Naja, Glück im Unglück, daß es nicht das eigene war.

Bei mir sieht es ab September auch wieder etwas besser aus, Jens geht's da glaub ähnlich. Momentan ist ansonsten leider nichts drin.


----------



## Micro767 (8. August 2006)

Im Sept. hab ich z.Z. die 3 ersten Wochenenden noch keinen Termin !

Auser ich würd nen Marathon mitfahren  

Am 23-24 Sep bin ich in Baden-Baden auf dem New Pop Festival


----------



## Veloziraptor (8. August 2006)

Geisterfahrer schrieb:
			
		

> Naja, Glück im Unglück, daß es nicht das eigene war.
> 
> Bei mir sieht es ab September auch wieder etwas besser aus, Jens geht's da glaub ähnlich. Momentan ist ansonsten leider nichts drin.



Nach dem Lernen, ist vor dem Lernen


----------



## sharky (28. August 2006)

wird das hier ein tourverabredungsthread? ich bin mal wieder schwer für ne katzenbugglrunde, wurde dieses jahr erst ein mal gefahren und von mir net mal komplett 

also, wie siehts aus bei euch, wann würde es passen?


----------



## Geisterfahrer (28. August 2006)

Ums mit Velozi zu sagen: Zwischen Nach-dem-Lernen und Vor-dem-Lernen. Etwas weniger kryptisch: 17. September


----------



## sharky (28. August 2006)

wir könnten es auch mit den worten des baumknutschers sagen:

zwischen nach dem sturz und vor dem sturz  17. ist gebucht, zumindest sagt mein kalender nix gegenteiliges


----------



## Micro767 (28. August 2006)

meiner einer plant auch gerade ne Tour am Sonntag den 03.09.06

Ich bekomme MTB Besuch aus der Ecke Bad Hersfeld / Fulda und wir wollen ne Runde im Odenwald drehen.

Wenn ich genaueres habe sag ich bescheid für die Kurzentschlossenen unter Euch !

Warscheinliche Eckdaten: 
Hemsbach an der Berststr. als Startpunkt bzw. Waldner Turm um nicht gleich mit 150hm anzufangen, Wegmarkierung "gelber Kreis" über Absteinach nach Waldmichelbach, dann dem "roten Viereck" folgen auf die Tromm hoch und per Trail runter nach Rimbach ab dort "weißes Dreieck" über die Juhöhe zurück zum Start.

Grobe Schätzung min. 60km und 1300hm hoffe es noch genauer zu bekommen.
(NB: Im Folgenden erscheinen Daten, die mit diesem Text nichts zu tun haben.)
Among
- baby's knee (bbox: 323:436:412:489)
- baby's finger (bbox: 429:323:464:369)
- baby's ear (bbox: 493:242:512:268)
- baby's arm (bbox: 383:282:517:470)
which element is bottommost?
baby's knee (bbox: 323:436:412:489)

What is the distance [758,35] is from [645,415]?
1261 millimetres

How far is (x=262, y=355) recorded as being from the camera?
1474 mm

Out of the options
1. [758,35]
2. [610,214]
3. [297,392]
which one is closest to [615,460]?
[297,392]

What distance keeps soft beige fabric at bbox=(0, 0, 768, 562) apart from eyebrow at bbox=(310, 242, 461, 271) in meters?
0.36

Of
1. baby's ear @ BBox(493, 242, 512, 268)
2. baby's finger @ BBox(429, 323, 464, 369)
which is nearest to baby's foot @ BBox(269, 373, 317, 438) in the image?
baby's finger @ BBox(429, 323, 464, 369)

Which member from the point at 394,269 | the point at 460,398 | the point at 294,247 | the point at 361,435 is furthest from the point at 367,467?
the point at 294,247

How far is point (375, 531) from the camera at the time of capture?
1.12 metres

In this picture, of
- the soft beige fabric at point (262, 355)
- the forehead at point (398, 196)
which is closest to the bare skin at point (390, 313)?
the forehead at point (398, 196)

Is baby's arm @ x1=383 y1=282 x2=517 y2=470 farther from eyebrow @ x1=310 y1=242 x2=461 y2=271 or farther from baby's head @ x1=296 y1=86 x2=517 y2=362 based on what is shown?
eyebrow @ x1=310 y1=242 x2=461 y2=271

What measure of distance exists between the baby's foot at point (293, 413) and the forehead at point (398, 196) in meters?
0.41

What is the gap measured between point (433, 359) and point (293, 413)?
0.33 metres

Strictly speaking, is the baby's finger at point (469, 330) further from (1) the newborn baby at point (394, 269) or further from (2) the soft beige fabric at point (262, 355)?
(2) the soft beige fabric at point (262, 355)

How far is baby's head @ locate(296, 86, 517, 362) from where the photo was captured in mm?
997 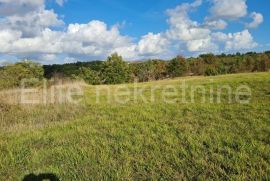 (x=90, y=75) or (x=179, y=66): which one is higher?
(x=179, y=66)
min. 1 grosse Essenspause in einem Lokal


----------



## sharky (28. August 2006)

das geht leider nicht da wir an dem tag den einen teil des badener weges vom odenwaldschmetterling fahren wollen!!


----------



## Micro767 (29. August 2006)

Stimmt ja !  

Hatte mir ja überlegt ob ich es mir einfach mache und meinen Besuch mit nach Mossbach bringe aber Ihr wollt schon um 09:00 los oder so   und bei einer Stunde Anfahrtsweg ....  plus Frühstücken, da hab ich keine Chance, das wir das packen nach dem wir Samstags von der Eurobike kommen.
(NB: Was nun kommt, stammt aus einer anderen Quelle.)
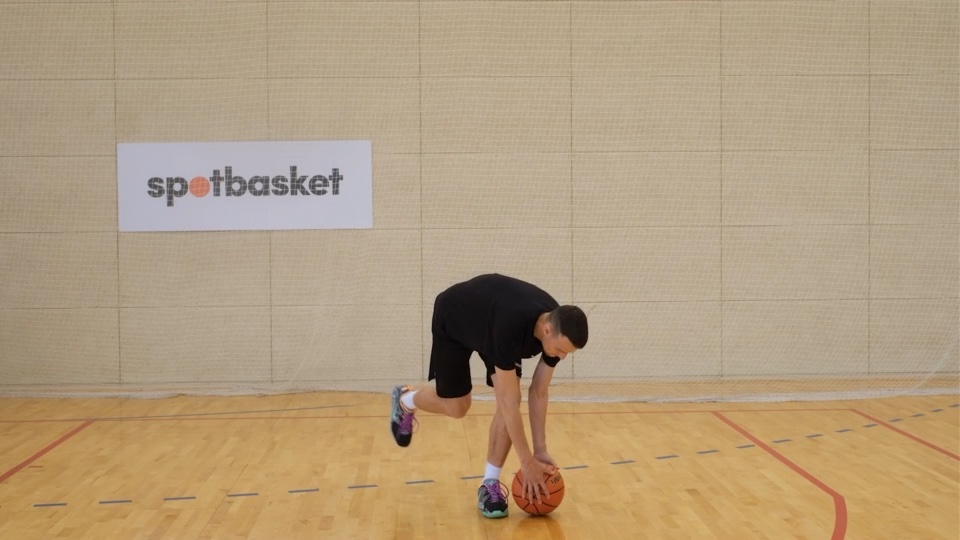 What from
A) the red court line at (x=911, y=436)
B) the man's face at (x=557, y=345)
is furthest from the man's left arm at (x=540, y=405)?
the red court line at (x=911, y=436)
Wenn meine Planung steht werd ich es hier posten !


----------



## sharky (29. August 2006)

@micro
vielspäter loszufahren wäre nicht gut da wir keine ahnung haben wie wir die wege finden etc. und auch net wissen wie die wege sind. denke wenn du mit deinem besuch wirklich fahren willst, dann fahr deine hausrunde oder so, bei uns wird das eher ne expedition ins ungewisse, wo wirklicher FAHRspass nicht garantiert ist (der andere natürlich schon  )


----------



## MTB-News.de




----------



## Micro767 (29. August 2006)

@sharky
schon klar ! hab das ja letzten samstag gesehen als ich 50.000 mal die karte zücken musste und dennoch min. 2 mal falsch war

ruckzuck war es dann 18 uhr und wir hatten noch nichtmal ne richtige pause gemacht  

deshalb die neue planung der tour auf gut ausgezeichneten wegen, auch wenn das heist mehr km / hm und vieleicht auch breitere wege.


----------



## Micro767 (29. August 2006)

So ich hab mal meine Tour vom 03.09. im Last Minute Biking eingetragen.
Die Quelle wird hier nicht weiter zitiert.